Bild: US-Außenminister Blinken und Außenministerin Baerbock bei der Münchner…
Berlin taz | Am Freitagnachmittag, während der Auftaktdiskussion der
Münchner Sicherheitskonferenz (Siko), bekommt für eine Minute der
Außenminister von Bangladesch das Mikrofon. Der Großteil seines Landes
liegt nur knapp über dem Meeresspiegel, vom Klimawandel ist es besonders
betroffen, und das prägt auch seinen Blick auf den aktuellen Konflikt an
der russischen Grenze zur Ukraine. Die Krise führe im Westen wohl zu einem
„zusätzlichen Anstieg der Verteidigungsausgaben“, sagt AK Abdul Momen.

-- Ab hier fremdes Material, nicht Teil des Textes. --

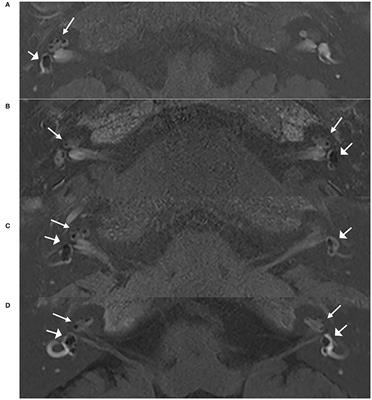 Characteristics of clinical details and endolymphatic hydrops in unilateral and bilateral Ménière's disease in a single Asian group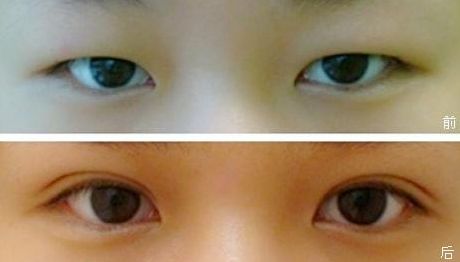 上海九院雙眼皮手術(shù)效果怎么樣？錢云良醫(yī)師的全新案例分享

Fehle seinem Land deshalb am Ende erhofftes Hilfsgeld zur Unterstützung
beim Klimaschutz?
Es ist ein seltener Moment des Perspektivwechsels zum Auftakt der
Konferenz, die bis Sonntag stattfindet. Die früher rein westliche Tagung
zur Außen- und Sicherheitspolitik – Treffpunkt für Regierungen, Militärs
und Lobbyist*innen – hat sich über die Jahrzehnte zwar für Gäste aus
anderen Regionen geöffnet. Dominiert wird sie aber nach wie vor von
Vertreter*innen aus EU- und Nato-Staaten.
In diesem Jahr gilt das noch mehr als sonst: Wegen der Krise in Osteuropa
gibt es zwar besonders viel Gesprächsstoff. Ausgerechnet die russische
Seite fehlt aber. Zum ersten Mal seit Jahren ist trotz Einladung keine
Delegation aus Moskau vertreten. Als Grund für die Absagen hochrangiger
Vertreter wie Außenminister Lawrow vermutet Siko-Chef Wolfgang Ischinger,
dass ein Auftritt für sie in der aktuellen Lage „nicht
vergnügungssteuerplichtig“ geworden wäre.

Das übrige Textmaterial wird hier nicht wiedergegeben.